[[ DATA TO EXAMINE open ]]

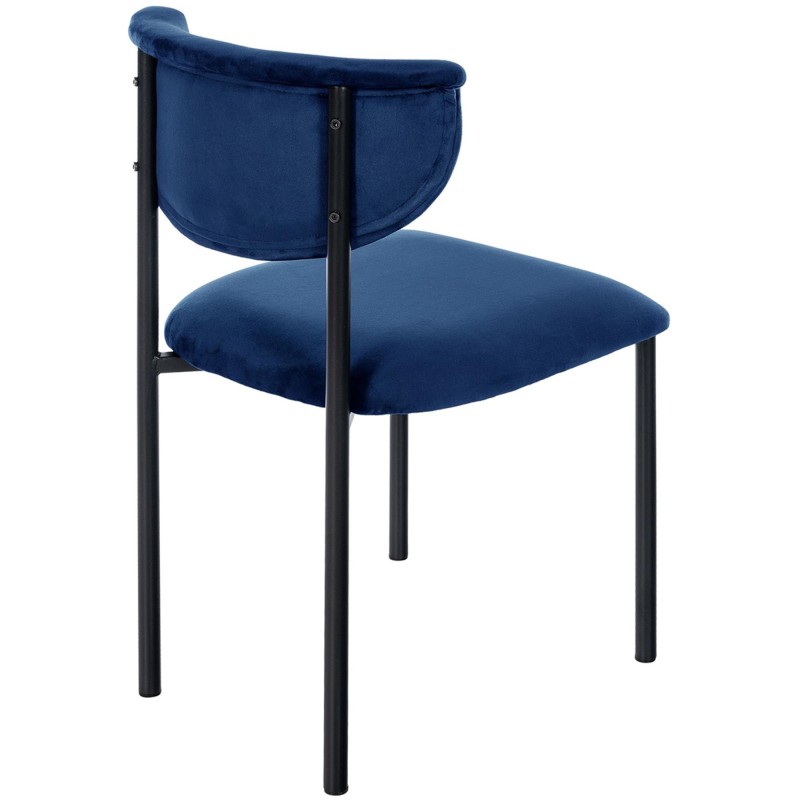 Silla de Confidente TUCKER, en tercipleo color negro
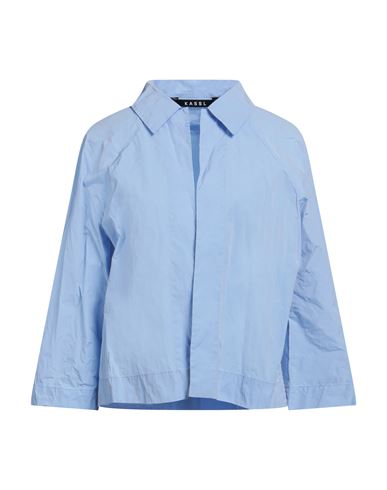 KASSL EDITIONS KASSL EDITIONS WOMAN BLAZER AZURE SIZE L POLYESTER, POLYAMIDE 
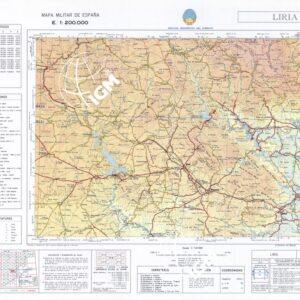 MAPA MILITAR DE ESPANA - Hoja 7-7 - Liria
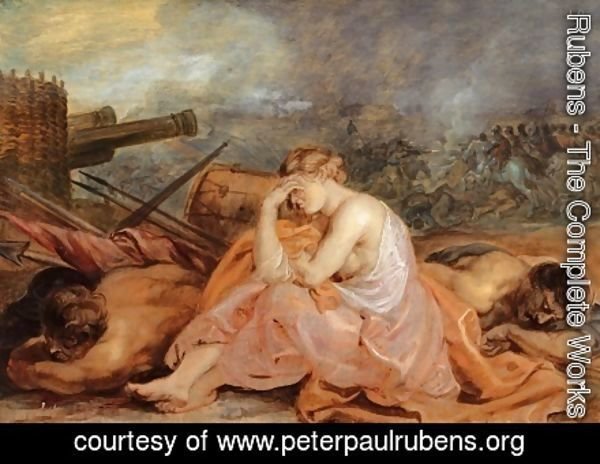 Rubens - Allegory of war 1628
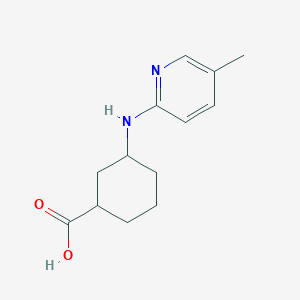 molecular formula C13H18N2O2 B12313165 rac-(1R,3S)-3-[(5-methylpyridin-2-yl)amino]cyclohexane-1-carboxylic acid, cis 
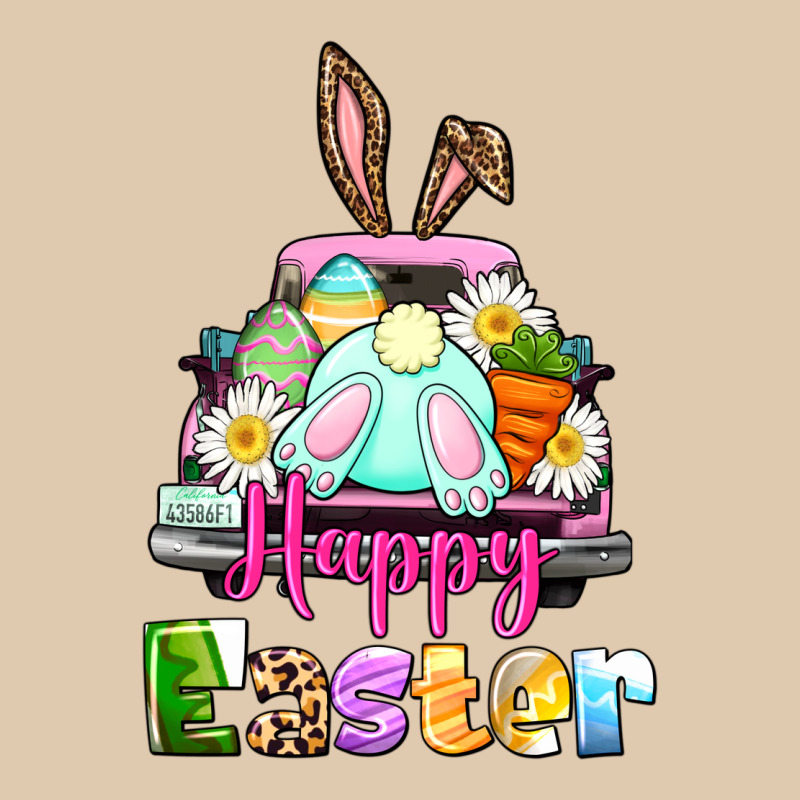 Bunny Happy Easter Truck Heavyweight Sweatshirt by CowGirlArtShop | Teevron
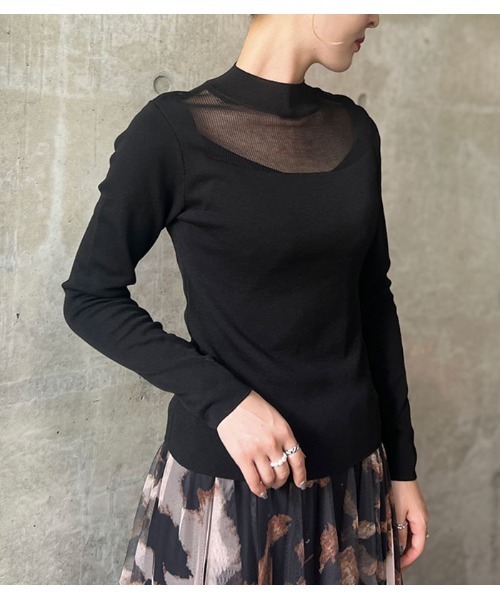 【DESERT ROSE】デコルテシアーハイネックプルオーバーニット★☆BDKT-57 Desert Rose（デザートローズ）の「【DESERT ROSE/デザート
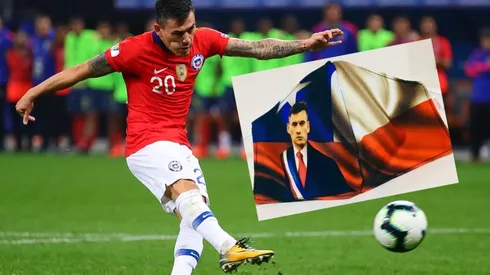 Aránguiz es figura en el diseño de mascarillas.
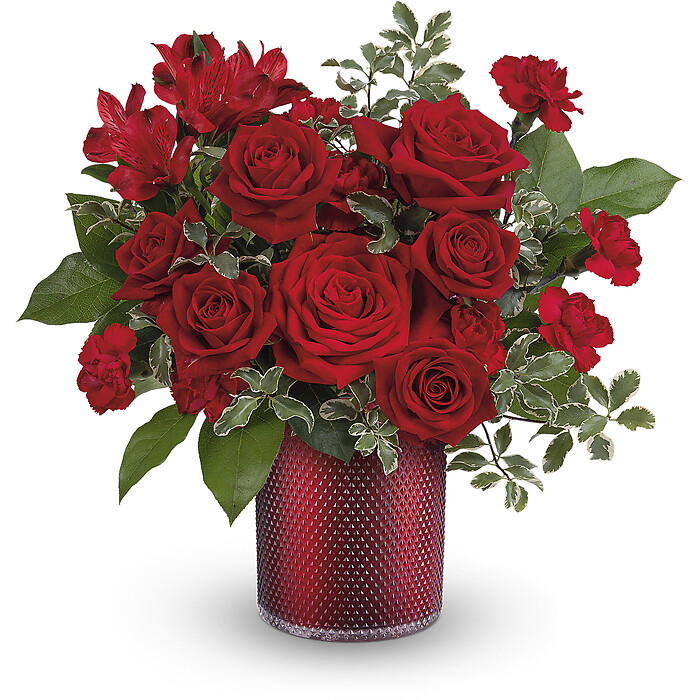 Radiant Crimson Bouquet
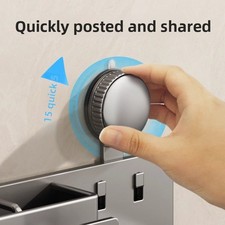 Suction Cup Toothbrush Holder Wall Mounted Bathroom Shelf 4 Cups Shaver Rack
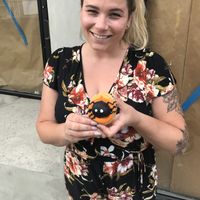 Spooky vegan donuts  at Kudough's Donuts in San Juan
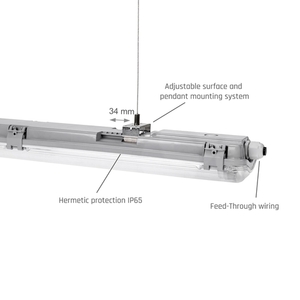 Limea Led Tube Slim Hermetyk G13 2x60 250 V Ip65   710x90x63 Mm Szary small 11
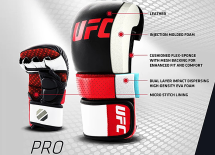 (UFC PRO Перчатки для спарринга черные S/M)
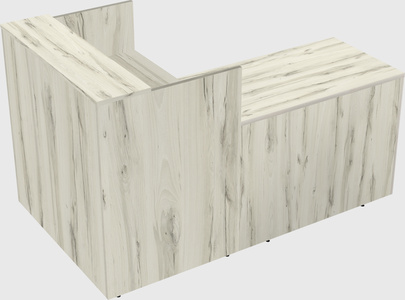 L-shaped modular reception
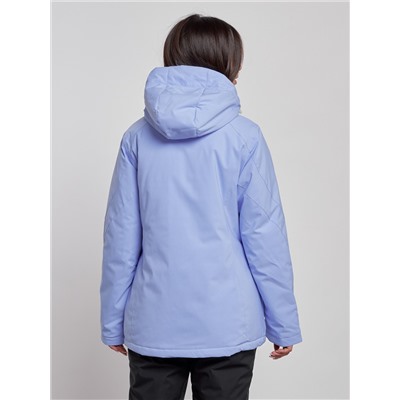 Горнолыжная куртка женская зимняя фиолетового цвета 3331F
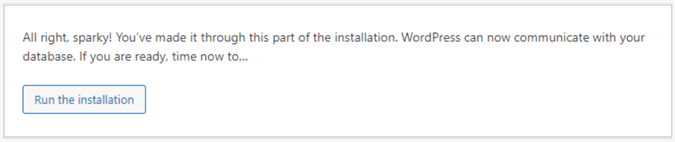 Figure 17 The database connection confirmation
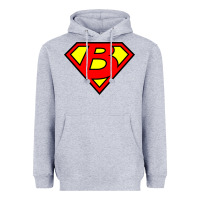 Heather Grey super b Heavyweight Hoodie - tuanDangUi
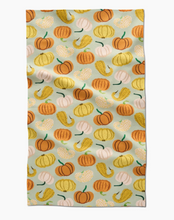Load image into Gallery viewer, Geometry Kitchen Tea Towel - pumpkins and gourds
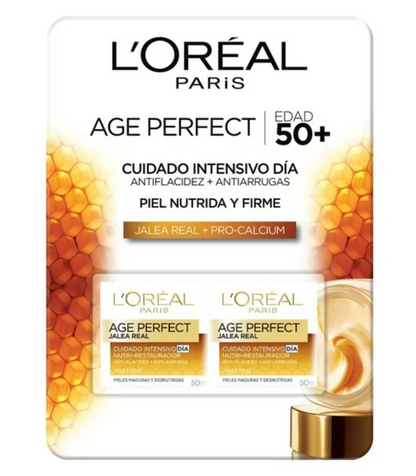 Crema Facial L'Oréal Age Perfect Jalea Real Anti Arrugas 2 pzas de 50 ml c/u - .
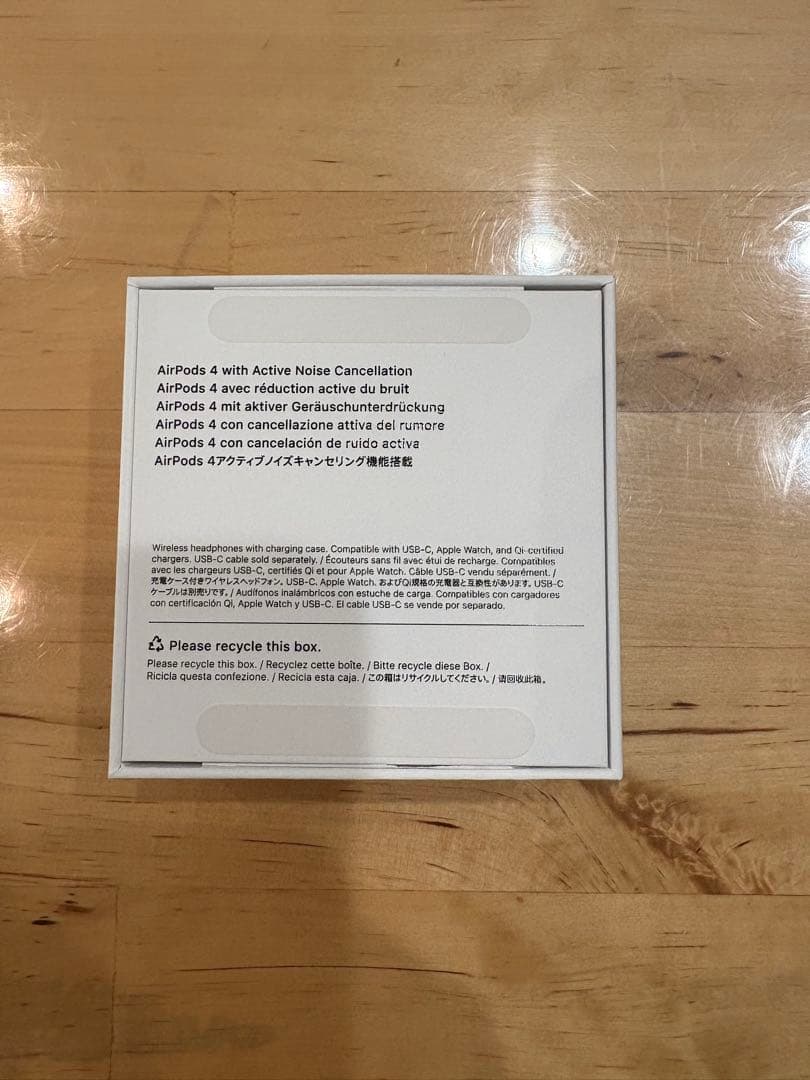 限定値下げ　AirPods4 アクティブノイズキャンセリング機能付
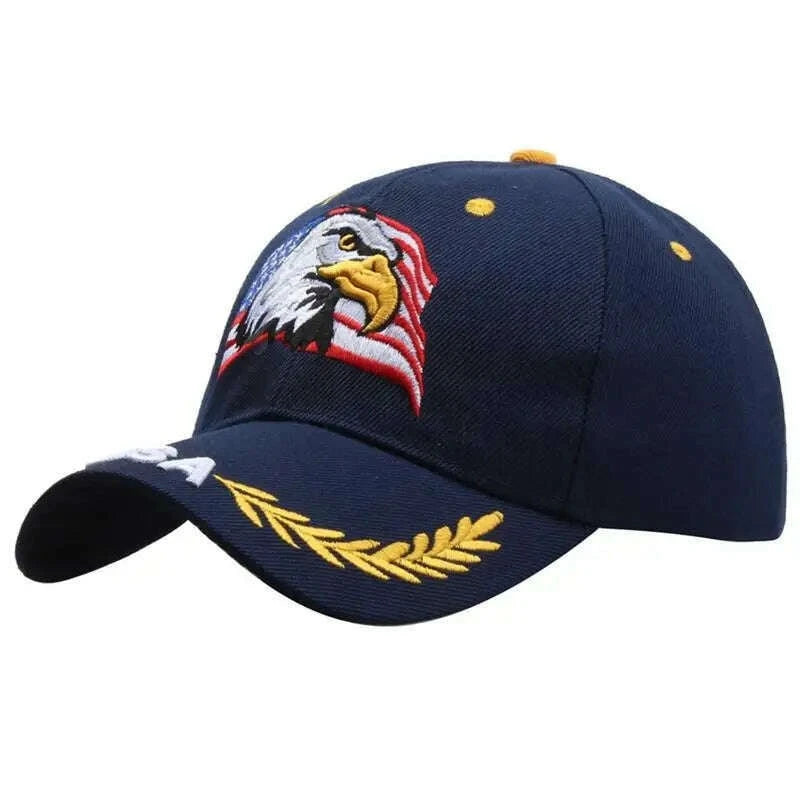 Embroidery Eagle Baseball Caps Men Women Animal Snapback Cap Trendy Tactical Gorras Army Military Dad Hat Hip Hop Street Hats - KIMLUD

[[ DATA TO EXAMINE closed ]]

* _WHAT THE TASK REQUIRES_:
Start at the line holding "molecular formula C13H18N2O2" and stop at the last line of the entries above. Repeat those lines exactly, pictures excluded.

* _WRITTEN ANSWER_:
 molecular formula C13H18N2O2 B12313165 rac-(1R,3S)-3-[(5-methylpyridin-2-yl)amino]cyclohexane-1-carboxylic acid, cis 
 Bunny Happy Easter Truck Heavyweight Sweatshirt by CowGirlArtShop | Teevron
 【DESERT ROSE】デコルテシアーハイネックプルオーバーニット★☆BDKT-57 Desert Rose（デザートローズ）の「【DESERT ROSE/デザート
 Aránguiz es figura en el diseño de mascarillas.
 Radiant Crimson Bouquet
 Suction Cup Toothbrush Holder Wall Mounted Bathroom Shelf 4 Cups Shaver Rack
 Spooky vegan donuts  at Kudough's Donuts in San Juan
 Limea Led Tube Slim Hermetyk G13 2x60 250 V Ip65   710x90x63 Mm Szary small 11
 (UFC PRO Перчатки для спарринга черные S/M)
 L-shaped modular reception
 Горнолыжная куртка женская зимняя фиолетового цвета 3331F
 Figure 17 The database connection confirmation
 Heather Grey super b Heavyweight Hoodie - tuanDangUi
Load image into Gallery viewer, Geometry Kitchen Tea Towel - pumpkins and gourds
 Crema Facial L'Oréal Age Perfect Jalea Real Anti Arrugas 2 pzas de 50 ml c/u - .
 限定値下げ　AirPods4 アクティブノイズキャンセリング機能付
 Embroidery Eagle Baseball Caps Men Women Animal Snapback Cap Trendy Tactical Gorras Army Military Dad Hat Hip Hop Street Hats - KIMLUD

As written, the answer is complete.